- _DATA SECTION_
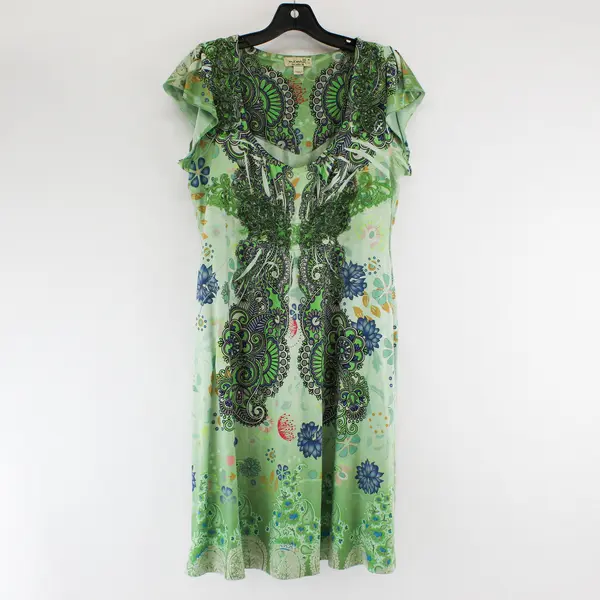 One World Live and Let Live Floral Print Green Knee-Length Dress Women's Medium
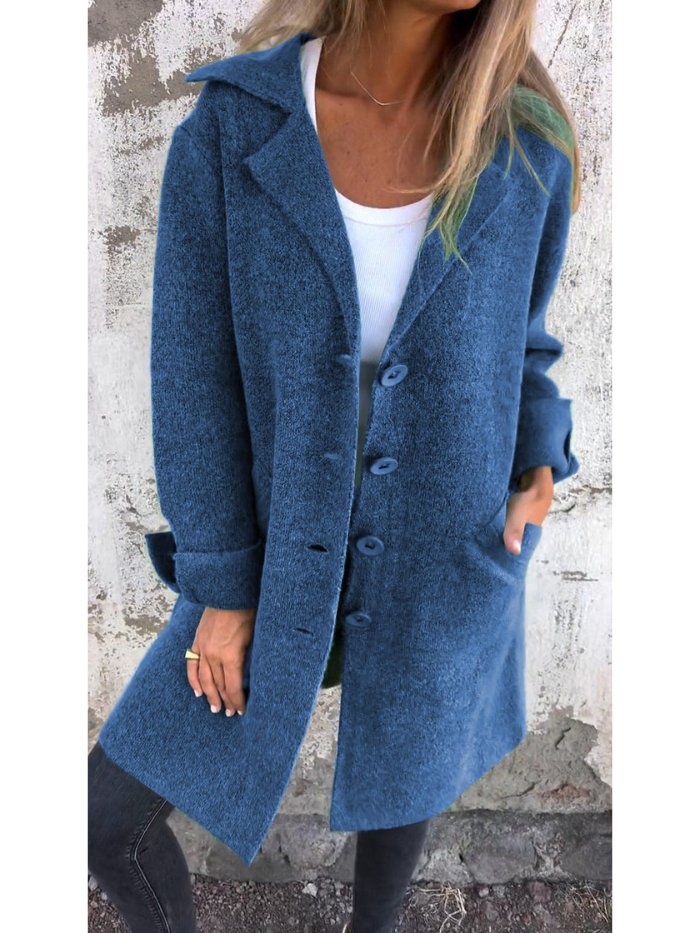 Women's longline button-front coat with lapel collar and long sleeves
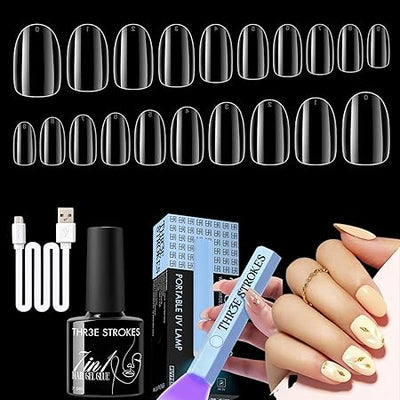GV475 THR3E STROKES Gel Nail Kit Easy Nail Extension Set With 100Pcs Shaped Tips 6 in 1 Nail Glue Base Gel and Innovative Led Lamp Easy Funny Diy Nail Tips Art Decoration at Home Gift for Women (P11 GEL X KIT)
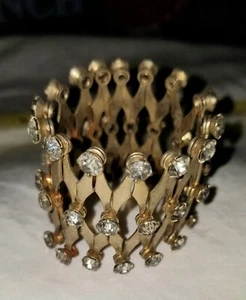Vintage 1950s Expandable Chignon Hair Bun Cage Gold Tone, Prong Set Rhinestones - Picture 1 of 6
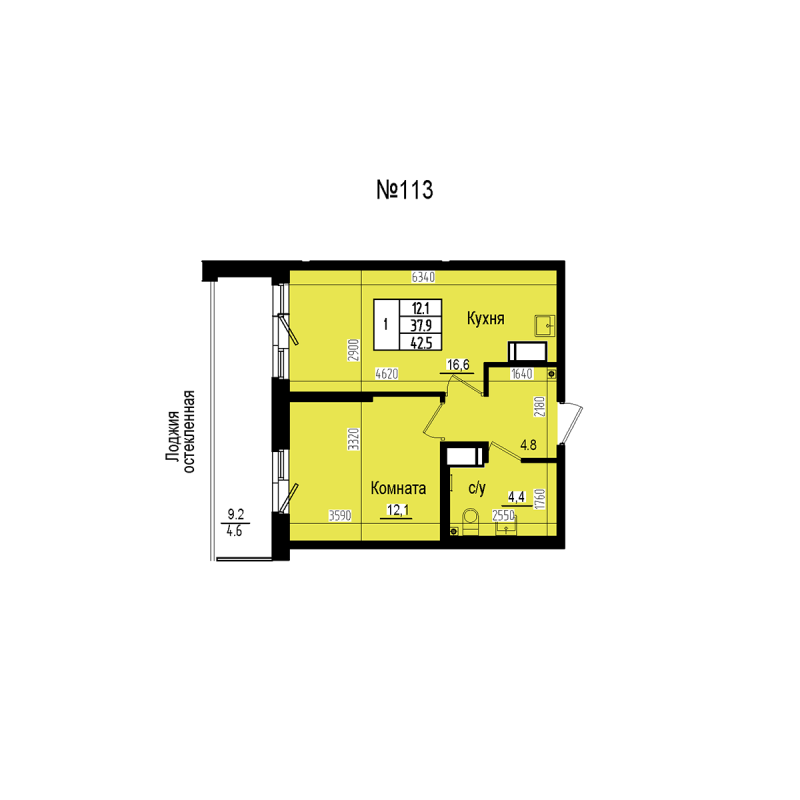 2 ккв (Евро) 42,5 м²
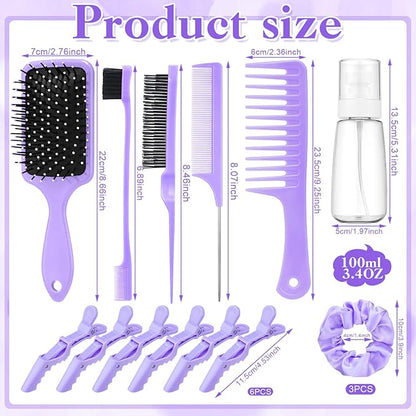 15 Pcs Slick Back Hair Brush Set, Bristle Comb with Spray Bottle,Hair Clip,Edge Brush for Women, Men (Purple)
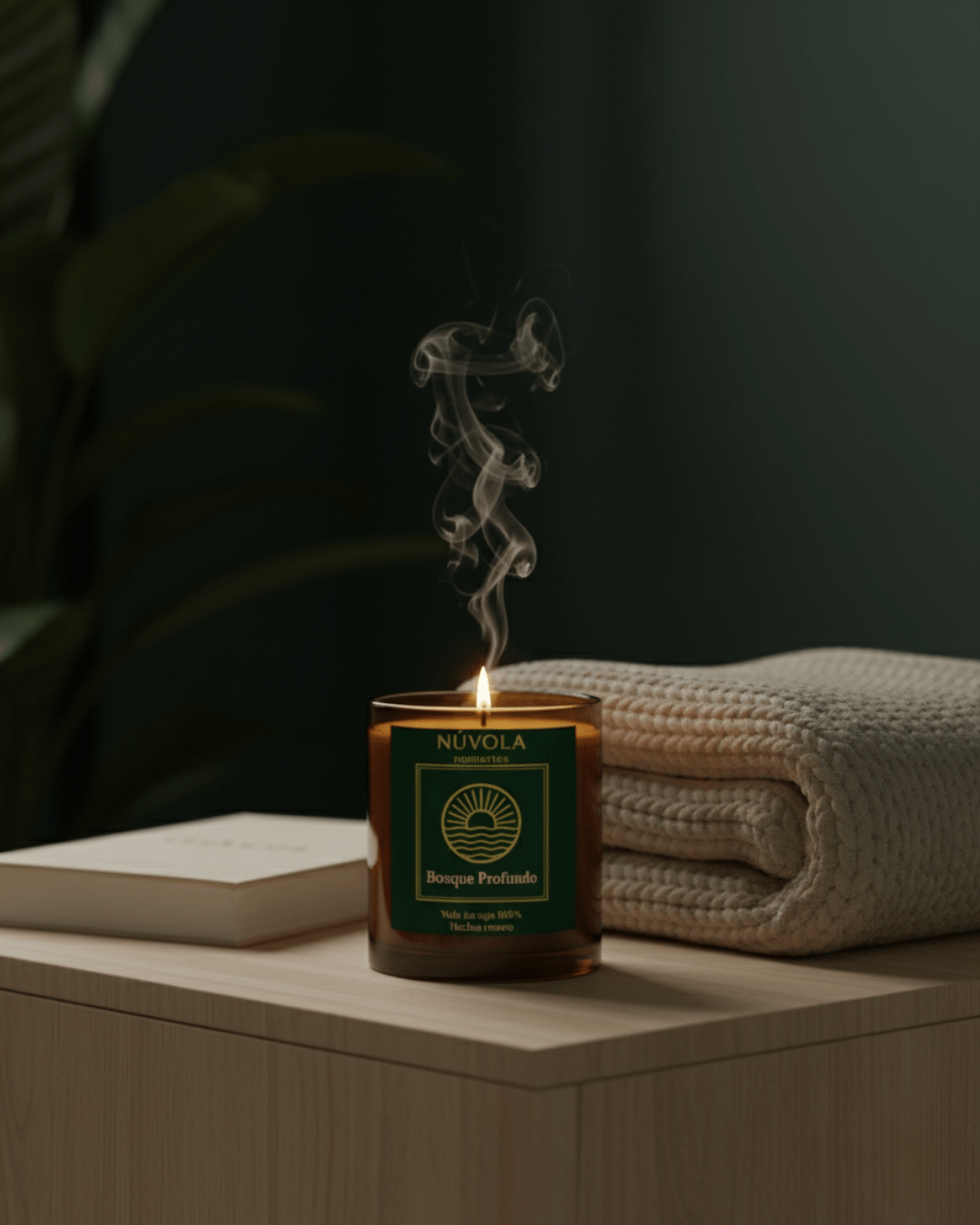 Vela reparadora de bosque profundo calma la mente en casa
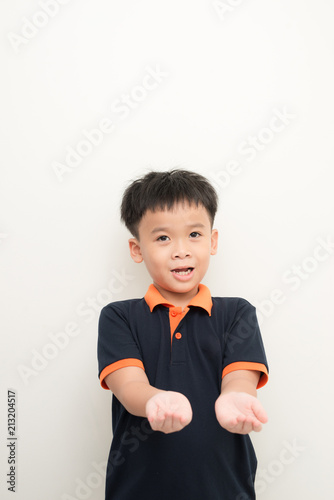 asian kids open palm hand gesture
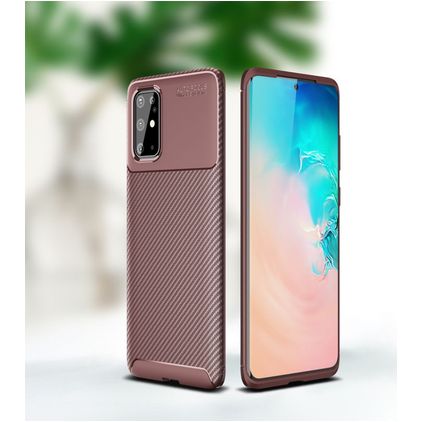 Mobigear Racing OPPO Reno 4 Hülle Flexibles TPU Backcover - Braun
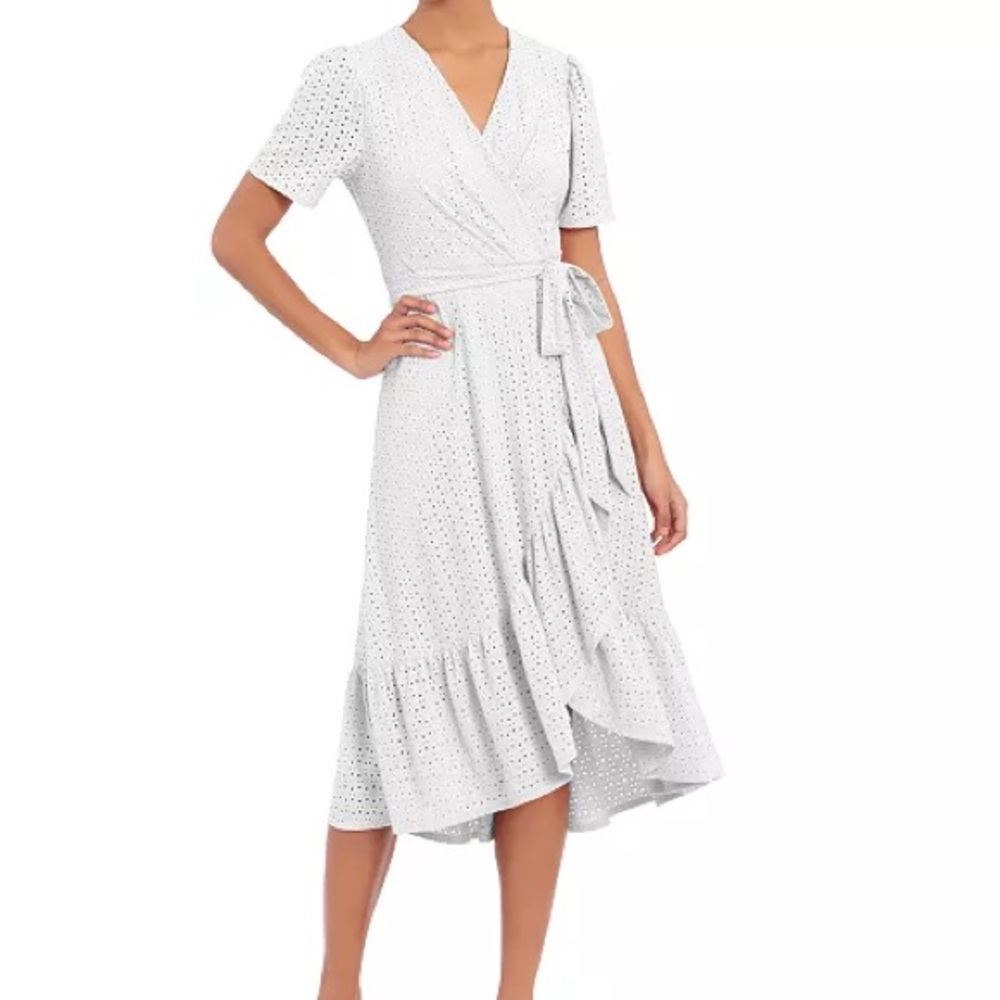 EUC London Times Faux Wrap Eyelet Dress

- _WORK TO COMPLETE_
Retype all the data exactly; skip the pictures.

- _EXERCISE OUTPUT_
 One World Live and Let Live Floral Print Green Knee-Length Dress Women's Medium
 Women's longline button-front coat with lapel collar and long sleeves
GV475 THR3E STROKES Gel Nail Kit Easy Nail Extension Set With 100Pcs Shaped Tips 6 in 1 Nail Glue Base Gel and Innovative Led Lamp Easy Funny Diy Nail Tips Art Decoration at Home Gift for Women (P11 GEL X KIT)
Vintage 1950s Expandable Chignon Hair Bun Cage Gold Tone, Prong Set Rhinestones - Picture 1 of 6
 2 ккв (Евро) 42,5 м²
 15 Pcs Slick Back Hair Brush Set, Bristle Comb with Spray Bottle,Hair Clip,Edge Brush for Women, Men (Purple)
 Vela reparadora de bosque profundo calma la mente en casa
 asian kids open palm hand gesture
 Mobigear Racing OPPO Reno 4 Hülle Flexibles TPU Backcover - Braun
 EUC London Times Faux Wrap Eyelet Dress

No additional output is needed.